El refranero español dice que: “amor con amor se paga”. Y es así. Si la fuente del amor es Dios que es amor, que ha hecho una alianza de amor con los hombres de tal manera que la fórmula de la alianza es de mutua pertenencia: «Yo soy tuyo y tú eres mío-mía» (Is 43, 1-13) (Cant. de los Cantares 2, 16) u otras fórmulas parecidas, como «yo soy tu Dios, tu eres mi pueblo» (Ex 6, 4-9; Ez 36, 23-28). Y en Jesucristo, muerto, crucificado y resucitado, se ha manifestado definitivamente lo ancho, lo largo, lo alto y lo profundo (Ef 3, 14-21) de su amor, con el Espíritu Santo que se nos ha dado, si Él nos amó primero (I Jn 4, 19). ¿Cómo corresponder a su amor?

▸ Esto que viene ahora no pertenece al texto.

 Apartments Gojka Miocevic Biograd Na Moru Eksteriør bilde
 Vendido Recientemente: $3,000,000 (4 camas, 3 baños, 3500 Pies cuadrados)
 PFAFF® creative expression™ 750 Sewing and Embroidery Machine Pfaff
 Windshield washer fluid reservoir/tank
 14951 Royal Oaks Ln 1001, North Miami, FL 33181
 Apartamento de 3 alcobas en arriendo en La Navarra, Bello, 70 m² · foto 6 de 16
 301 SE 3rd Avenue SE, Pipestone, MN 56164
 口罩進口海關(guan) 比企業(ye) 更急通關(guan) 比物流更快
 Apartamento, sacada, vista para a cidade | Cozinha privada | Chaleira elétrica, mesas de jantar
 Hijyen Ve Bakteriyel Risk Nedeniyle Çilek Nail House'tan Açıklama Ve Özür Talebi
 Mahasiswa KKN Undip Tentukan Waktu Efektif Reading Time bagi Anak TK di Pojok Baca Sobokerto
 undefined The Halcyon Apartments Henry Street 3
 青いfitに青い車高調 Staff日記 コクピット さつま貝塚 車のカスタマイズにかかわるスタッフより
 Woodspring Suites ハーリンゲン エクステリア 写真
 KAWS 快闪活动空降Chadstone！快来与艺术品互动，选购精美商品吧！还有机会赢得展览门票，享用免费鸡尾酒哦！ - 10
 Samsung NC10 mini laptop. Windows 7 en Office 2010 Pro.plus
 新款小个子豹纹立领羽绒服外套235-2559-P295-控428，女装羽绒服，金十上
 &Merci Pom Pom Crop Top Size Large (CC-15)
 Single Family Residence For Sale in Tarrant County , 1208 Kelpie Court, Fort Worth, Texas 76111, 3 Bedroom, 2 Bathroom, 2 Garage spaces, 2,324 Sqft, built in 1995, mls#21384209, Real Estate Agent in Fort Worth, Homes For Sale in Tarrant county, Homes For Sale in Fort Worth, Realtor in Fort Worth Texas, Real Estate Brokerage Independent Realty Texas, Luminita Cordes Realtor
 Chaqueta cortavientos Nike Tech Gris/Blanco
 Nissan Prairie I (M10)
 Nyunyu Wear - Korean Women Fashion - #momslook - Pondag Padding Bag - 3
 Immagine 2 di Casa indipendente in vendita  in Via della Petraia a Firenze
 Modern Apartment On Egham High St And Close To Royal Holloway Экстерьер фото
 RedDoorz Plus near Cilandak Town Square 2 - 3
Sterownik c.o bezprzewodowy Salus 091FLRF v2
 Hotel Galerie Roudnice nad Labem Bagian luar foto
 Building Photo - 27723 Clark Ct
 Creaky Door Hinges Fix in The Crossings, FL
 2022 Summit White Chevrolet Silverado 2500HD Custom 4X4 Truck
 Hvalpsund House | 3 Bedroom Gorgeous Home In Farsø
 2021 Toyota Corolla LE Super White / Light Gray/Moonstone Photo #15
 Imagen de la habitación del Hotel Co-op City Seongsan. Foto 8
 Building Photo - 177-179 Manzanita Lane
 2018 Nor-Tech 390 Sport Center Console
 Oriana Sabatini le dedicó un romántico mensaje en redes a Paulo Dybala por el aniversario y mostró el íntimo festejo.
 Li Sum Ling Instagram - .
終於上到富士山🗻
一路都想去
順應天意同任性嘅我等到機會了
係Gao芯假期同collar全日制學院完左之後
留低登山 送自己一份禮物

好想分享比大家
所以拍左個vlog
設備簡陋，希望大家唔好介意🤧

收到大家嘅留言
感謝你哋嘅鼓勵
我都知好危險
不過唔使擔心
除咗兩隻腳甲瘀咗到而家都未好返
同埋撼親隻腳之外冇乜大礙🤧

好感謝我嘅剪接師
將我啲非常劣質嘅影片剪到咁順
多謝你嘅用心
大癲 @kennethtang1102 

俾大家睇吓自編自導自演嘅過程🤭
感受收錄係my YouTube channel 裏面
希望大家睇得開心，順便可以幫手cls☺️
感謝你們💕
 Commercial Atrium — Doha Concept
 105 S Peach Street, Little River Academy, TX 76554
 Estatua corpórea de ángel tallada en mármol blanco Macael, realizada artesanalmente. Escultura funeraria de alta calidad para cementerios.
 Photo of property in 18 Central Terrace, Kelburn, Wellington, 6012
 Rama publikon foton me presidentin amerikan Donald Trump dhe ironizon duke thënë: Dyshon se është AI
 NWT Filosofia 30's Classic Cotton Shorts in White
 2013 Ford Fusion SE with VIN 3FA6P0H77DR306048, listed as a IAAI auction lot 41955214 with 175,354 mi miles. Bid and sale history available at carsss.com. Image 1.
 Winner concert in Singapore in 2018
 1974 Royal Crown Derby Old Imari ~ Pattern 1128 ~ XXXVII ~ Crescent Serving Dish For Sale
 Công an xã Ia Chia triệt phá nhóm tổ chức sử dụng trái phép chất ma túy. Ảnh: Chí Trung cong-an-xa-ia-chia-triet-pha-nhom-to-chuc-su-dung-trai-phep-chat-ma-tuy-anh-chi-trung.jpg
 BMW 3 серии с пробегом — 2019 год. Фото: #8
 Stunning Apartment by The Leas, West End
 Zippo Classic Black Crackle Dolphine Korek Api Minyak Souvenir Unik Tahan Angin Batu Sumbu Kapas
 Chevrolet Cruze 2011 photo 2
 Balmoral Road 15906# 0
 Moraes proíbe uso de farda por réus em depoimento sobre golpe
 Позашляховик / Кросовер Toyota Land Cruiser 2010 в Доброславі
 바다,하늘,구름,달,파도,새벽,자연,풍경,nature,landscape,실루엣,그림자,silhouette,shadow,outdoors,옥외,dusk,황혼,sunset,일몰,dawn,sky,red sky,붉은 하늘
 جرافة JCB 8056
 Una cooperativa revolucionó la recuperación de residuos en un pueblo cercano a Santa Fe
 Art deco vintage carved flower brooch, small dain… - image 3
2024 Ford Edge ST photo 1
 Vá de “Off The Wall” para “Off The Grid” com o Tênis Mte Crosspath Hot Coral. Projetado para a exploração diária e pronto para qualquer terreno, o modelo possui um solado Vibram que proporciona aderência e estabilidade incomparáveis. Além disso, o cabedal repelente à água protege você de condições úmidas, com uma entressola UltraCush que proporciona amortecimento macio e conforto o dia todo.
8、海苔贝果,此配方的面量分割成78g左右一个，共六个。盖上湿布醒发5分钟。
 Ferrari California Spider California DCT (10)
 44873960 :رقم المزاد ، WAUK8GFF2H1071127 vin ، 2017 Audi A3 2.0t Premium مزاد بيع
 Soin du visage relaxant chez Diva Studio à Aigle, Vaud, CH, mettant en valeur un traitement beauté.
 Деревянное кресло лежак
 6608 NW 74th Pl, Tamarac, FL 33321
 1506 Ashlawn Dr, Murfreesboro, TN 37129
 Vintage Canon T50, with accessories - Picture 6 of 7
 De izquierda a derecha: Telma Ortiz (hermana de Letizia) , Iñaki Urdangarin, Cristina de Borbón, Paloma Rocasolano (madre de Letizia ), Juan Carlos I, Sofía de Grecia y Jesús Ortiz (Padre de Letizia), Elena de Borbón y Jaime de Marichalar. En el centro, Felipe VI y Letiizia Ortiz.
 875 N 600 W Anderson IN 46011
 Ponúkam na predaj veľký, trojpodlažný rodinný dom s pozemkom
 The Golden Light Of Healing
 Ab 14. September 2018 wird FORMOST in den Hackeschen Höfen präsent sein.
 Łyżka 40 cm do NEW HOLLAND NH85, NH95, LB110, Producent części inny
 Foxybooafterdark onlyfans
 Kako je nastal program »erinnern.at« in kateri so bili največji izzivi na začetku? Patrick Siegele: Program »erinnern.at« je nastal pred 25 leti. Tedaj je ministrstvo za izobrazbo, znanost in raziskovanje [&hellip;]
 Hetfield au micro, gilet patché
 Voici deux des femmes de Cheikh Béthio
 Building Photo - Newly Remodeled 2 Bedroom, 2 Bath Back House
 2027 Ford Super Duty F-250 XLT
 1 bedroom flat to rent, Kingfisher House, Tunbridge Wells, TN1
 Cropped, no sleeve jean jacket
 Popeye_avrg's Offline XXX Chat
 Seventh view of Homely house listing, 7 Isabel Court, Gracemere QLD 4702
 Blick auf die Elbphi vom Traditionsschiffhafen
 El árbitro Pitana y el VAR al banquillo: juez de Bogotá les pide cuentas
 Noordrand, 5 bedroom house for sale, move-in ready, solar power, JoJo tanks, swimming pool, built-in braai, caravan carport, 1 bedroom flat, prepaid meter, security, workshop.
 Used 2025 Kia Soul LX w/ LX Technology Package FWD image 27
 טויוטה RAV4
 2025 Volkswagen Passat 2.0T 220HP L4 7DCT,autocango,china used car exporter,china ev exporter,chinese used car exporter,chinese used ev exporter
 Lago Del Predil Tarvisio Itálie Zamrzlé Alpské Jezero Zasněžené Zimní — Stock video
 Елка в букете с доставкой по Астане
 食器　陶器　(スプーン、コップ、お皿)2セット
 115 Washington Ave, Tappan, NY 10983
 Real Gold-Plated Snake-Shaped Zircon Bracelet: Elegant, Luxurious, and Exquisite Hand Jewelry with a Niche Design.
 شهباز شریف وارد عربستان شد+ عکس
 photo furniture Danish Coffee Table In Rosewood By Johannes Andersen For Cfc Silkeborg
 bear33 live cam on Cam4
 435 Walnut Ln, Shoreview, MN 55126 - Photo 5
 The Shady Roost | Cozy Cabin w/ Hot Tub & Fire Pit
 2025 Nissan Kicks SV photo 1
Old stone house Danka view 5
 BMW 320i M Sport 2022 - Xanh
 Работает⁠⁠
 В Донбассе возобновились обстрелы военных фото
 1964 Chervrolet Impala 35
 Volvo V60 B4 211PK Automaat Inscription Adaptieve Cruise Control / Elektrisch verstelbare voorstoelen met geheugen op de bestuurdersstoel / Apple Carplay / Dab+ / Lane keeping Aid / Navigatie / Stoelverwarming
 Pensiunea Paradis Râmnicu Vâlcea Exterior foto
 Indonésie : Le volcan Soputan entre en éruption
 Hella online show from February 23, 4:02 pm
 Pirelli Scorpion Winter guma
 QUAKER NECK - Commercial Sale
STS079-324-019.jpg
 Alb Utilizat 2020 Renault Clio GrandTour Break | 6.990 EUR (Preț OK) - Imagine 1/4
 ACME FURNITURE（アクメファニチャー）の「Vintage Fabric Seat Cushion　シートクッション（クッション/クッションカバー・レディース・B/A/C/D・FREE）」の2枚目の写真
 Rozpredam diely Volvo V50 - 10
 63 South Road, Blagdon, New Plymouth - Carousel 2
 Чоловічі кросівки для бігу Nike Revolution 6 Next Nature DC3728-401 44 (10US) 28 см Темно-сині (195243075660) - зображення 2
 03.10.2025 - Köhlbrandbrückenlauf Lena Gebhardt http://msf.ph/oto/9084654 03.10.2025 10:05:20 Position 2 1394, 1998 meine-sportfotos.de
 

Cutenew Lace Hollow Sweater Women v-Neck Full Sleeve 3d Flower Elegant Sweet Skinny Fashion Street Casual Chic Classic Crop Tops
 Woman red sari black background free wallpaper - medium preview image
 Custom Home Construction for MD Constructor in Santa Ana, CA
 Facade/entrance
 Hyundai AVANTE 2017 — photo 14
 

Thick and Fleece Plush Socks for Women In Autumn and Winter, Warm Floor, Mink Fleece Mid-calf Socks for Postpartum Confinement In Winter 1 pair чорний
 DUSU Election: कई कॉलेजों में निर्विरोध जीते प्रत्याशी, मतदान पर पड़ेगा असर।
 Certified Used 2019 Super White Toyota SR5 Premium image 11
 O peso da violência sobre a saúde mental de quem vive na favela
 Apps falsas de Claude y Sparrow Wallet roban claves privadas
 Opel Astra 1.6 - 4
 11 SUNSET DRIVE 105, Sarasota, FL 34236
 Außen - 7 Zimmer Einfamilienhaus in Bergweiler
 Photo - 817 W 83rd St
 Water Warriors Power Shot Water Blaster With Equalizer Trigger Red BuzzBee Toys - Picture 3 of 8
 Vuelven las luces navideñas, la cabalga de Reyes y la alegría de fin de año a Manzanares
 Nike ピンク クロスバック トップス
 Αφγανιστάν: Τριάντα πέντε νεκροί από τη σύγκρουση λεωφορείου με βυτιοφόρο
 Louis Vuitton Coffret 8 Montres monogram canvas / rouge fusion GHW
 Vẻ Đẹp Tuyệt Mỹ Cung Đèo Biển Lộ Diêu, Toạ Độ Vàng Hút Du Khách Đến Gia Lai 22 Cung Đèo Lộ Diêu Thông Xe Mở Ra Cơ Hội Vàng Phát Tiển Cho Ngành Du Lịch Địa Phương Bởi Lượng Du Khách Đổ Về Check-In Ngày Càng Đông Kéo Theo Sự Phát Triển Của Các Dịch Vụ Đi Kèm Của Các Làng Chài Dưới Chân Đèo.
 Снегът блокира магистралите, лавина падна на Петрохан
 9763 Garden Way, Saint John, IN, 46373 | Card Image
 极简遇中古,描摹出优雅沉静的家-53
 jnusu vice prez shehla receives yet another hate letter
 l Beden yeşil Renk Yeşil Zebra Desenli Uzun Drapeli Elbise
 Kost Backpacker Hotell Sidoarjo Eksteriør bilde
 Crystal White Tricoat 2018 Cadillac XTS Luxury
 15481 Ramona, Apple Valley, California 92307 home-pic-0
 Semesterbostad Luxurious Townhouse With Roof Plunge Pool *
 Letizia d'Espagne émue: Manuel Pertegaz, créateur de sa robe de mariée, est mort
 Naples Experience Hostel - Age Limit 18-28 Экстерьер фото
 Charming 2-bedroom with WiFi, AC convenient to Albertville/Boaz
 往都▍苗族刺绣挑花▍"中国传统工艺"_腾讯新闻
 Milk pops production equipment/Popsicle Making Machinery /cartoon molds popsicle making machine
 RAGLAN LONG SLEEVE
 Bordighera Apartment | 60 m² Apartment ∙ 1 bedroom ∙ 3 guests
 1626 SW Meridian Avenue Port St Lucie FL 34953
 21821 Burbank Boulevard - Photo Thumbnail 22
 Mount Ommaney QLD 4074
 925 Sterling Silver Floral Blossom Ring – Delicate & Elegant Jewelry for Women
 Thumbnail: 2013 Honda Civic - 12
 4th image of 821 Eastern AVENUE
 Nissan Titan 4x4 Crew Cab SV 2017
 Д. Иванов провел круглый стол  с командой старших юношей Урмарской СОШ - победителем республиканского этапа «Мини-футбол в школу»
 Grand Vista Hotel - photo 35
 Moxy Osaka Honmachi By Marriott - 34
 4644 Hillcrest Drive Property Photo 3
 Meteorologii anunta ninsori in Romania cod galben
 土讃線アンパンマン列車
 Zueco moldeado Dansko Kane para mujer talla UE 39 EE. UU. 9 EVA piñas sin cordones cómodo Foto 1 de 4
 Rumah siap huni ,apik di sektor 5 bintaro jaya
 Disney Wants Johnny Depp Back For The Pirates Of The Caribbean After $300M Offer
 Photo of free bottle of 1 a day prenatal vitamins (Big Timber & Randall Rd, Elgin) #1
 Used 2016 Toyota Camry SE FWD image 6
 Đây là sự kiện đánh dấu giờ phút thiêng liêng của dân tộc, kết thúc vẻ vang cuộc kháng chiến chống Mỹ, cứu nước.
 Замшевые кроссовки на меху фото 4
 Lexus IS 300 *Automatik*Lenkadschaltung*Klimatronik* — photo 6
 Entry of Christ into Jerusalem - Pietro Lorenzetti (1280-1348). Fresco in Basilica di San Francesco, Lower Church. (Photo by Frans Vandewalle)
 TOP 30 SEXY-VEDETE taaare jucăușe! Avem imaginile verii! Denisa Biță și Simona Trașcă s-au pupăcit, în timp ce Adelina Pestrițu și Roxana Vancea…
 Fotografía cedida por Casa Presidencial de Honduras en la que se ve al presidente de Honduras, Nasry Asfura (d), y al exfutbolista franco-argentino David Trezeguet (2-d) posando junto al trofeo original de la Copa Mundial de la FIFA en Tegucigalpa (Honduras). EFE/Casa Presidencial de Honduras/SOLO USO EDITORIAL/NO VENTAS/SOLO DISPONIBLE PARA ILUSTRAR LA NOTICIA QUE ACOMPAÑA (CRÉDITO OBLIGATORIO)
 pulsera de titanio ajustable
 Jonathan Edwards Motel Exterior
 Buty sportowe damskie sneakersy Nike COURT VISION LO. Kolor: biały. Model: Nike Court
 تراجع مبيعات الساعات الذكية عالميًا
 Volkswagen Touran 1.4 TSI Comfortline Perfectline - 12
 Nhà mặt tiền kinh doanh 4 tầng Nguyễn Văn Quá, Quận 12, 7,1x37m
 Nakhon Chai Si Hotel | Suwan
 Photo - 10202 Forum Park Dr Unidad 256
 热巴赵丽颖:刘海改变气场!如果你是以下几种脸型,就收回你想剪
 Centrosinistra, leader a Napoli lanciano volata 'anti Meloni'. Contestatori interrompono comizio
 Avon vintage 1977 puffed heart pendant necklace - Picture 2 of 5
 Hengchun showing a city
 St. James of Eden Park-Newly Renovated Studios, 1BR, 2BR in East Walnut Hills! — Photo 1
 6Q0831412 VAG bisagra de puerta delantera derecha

San Juan, en su primera carta nos lo dice: «Nosotros hemos conocido el amor que Dios nos tiene y hemos creído en él... Si alguno dice: Amo a Dios y aborrece a su hermano, es un mentiroso; pues quien no ama a su hermano a quien ve, no puede amar a Dios a quien no ve. Y hemos recibido este mandado que quien ama a Dios, ame también a su hermano» (I Jn 4, 20-21).

Tenemos que amar a Dios y al prójimo, (Mt 22, 34-40) y amarlos como ama Jesús, hasta el extremo (Jn 13, 1; 15, 1-17).

La vida de Jesús fue una manifestación total de amor a Dios Padre y a los hombres. Nosotros expresaremos que amamos a Dios y correspondemos a su amor, si guardamos los diez mandamientos, que se resumen en dos. Los mandamientos no son anticuados, ni están superados, son actuales. Otro gallo nos cantaría si los guardáramos, no por temor, pues el creyente debe obrar siempre por amor. El temor de Dios no es que temamos a Dios, sino que tememos de nosotros mismos no corresponder. Nos iría la convivencia mucho mejor.

El primero dice: «Escucha, Israel, el Señor tu Dios es el único Señor; amarás al Señor, tu Dios, con todo el corazón, con toda tu alma, con todo tu ser. Y al prójimo como a ti mismo. No hay mandamiento mayor que estos» (Mc 12, 29-34). Amar a Dios es poner a Dios en el centro de nuestra vida; es la fuente y el fin de nuestra vida; es el origen, guía y meta del universo (Rom 11, 33-36). Es poner en Él toda nuestra confianza, no en los horóscopos, en la astrología, en la quiromancia, etc., porque es nuestro Padre y nada ni nadie podrá apartarnos de su amor (8, 31-39), porque Él está con nosotros.

Amaremos a Dios si le respetamos, su nombre y todas sus obras, sobre todo el hombre, cada hombre y cada mujer, si respetamos sus derechos y dignidad siguiendo a Jesucristo, siendo sus discípulos y misioneros; si le adoramos, que no es simplemente ponerse de rodillas o tirarse en el suelo delante de él, sino reconocerle como Dios y Señor, creador, salvador, redentor, liberador y santificador; si nos dejamos abrazar por él, besar por él, si le dejamos ser el Señor de nuestra vida, de nuestro pensar, de nuestro corazón y de nuestras obras. Le amaremos si no tenemos ídolos en nuestra vida, si no idolatramos el dinero, el poder, la fama, a un hombre o mujer, o una ideología; hablemos con él, desahoguemos nuestro corazón con él en la oración, que él nos escucha; escuchemos su voz que nos habla de mil maneras: por la creación, por su Hijo Jesucristo, por cada hombre o mujer, especialmente por los pobres y necesitados, por los acontecimientos de la vida.

Si ponemos en Él toda nuestra fe, esperanza y caridad. Si aceptamos sus palabras y nos fiamos totalmente y siempre de Él que es compasivo y clemente, fiel y misericordioso, que siempre perdona y espera, hacedor siempre del bien. Cuando lo esperamos todo de él, de sus promesas, sin caer en la desesperación ni en la presunción. No seamos ingratos con Dios, que nos ha creado, nos ama, nos lleva en su corazón y habita en nosotros, es el misterio más profundo del ser humano, de cuanto existe y de la historia. Seamos agradecidos porque “es de bien nacidos el ser agradecidos”.